3:45 PM Abstract No. 195 Leveraging transarterial chemoembolization–induced metabolic reprogramming and CRISPR-based genome editing to identify latent tumor viability with DNP-13C-NMRS in hepatocellular carcinoma

Abstract

Transarterial chemoembolization (TACE) is used to treat advanced hepatocellular carcinoma (HCC). By restricting a tumor’s arterial supply, TACE facilitates local reduction in oxygen and nutrients. While TACE slows disease progression, recurrence occurs in the majority of cases. Latent tumor cell viability has been shown to enable recurrence, which current diagnostic imaging fails to identify. The purpose of this study was to identify DNP-13C-NMRS probes sensitive to ischemia-induced metabolic reprogramming of HCC cells surviving TACE. To identify a probe sensitive to post-TACE viability, we utilized a technique developed by our lab to predict DNP-13C-NMRS probe efficacy with CRISPR-based screening.
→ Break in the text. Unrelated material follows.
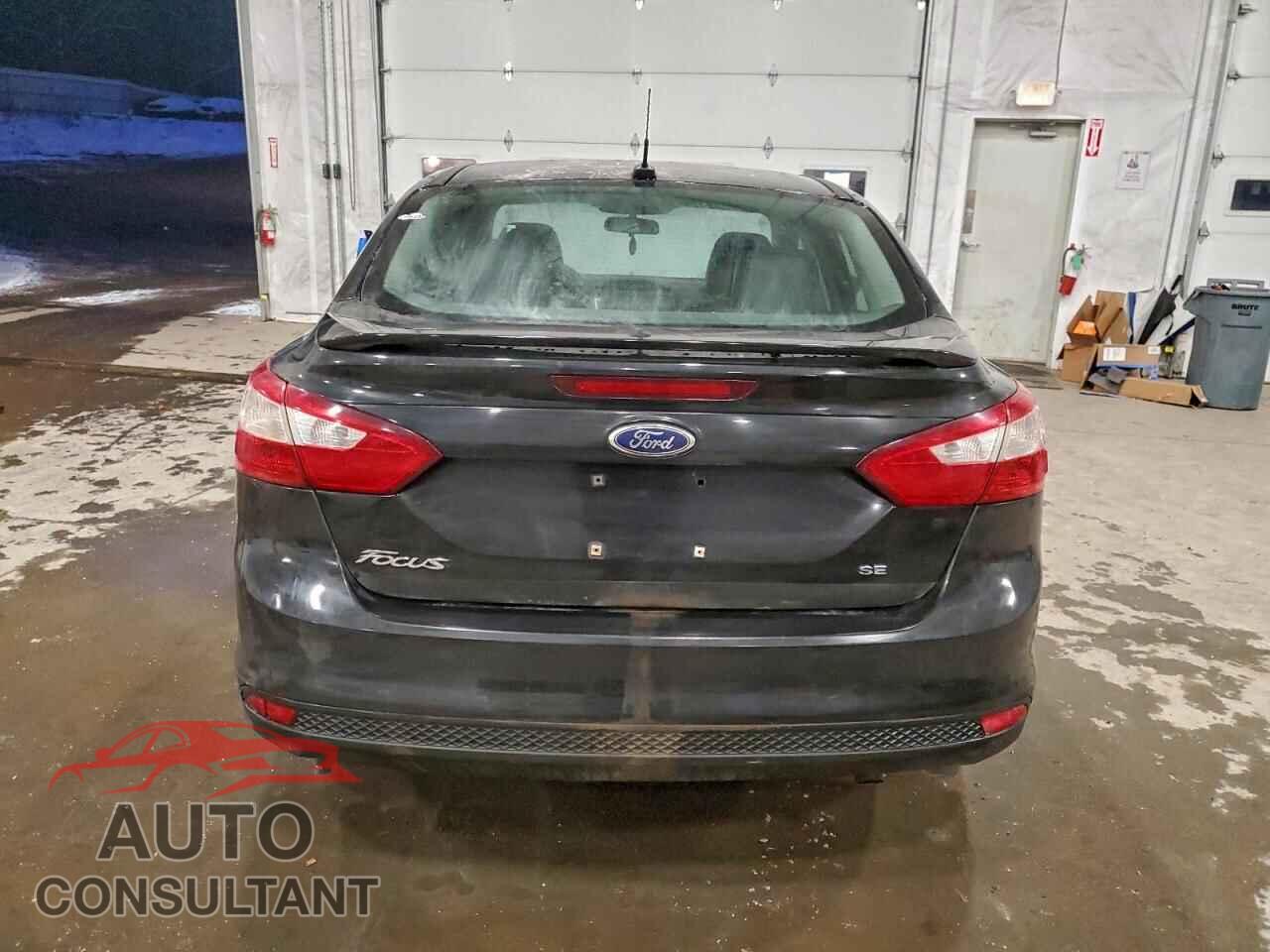 FORD FOCUS 2014 - 1FADP3F2XEL307047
We investigated enzymes essential to HCC cells grown in a post-TACE microenvironment by performing screens in SNU-449 cells under conditions in which nutrients and O2 were either abundant or deplete. Targeted sequencing quantified relative enzyme essentiality between conditions, facilitating selection of DNP-13C-NMRS probes metabolized by candidate enzymes. CRISPR-based screening revealed that HCC cells grown under ischemia-mimicking conditions differentially rely on NADPH-dependent reductases for growth, including G6PD (LFC = -1.09, P = 4.98e-6, FDR = 8.87e-4) and TXN (LFC = -1.75, P = 4.98e-6, FDR = 8.87e-4). GLS, which is responsible for conversion of glutamine to glutamate, was also a differential vulnerability of ischemic HCC cells (LFC = -0.64, P = 3.34e-4, FDR = 0.03). DNP-13C-NMRS probes metabolized by these enzymes include [1-13C]-dehydroascorbate and [1-13C]-glutamine. We have successfully prepared DNP-[1-13C]-dehydroascorbate and have measured intratumoral formation of ascorbate in a DEN model of HCC in rats. Cells surviving TACE alter their metabolism in response to nutrient and oxygen deprivation. With an unbiased screening approach, we identified enzymes that are differentially essential to growth under these conditions. In vivo assessment of DNP-[1-13C]-dehydroascorbate and DNP-[1-13C]-glutamine metabolism will provide a functional readout of tumor metabolism that we hypothesize will isolate latent tumor viability that follows TACE and precedes recurrence.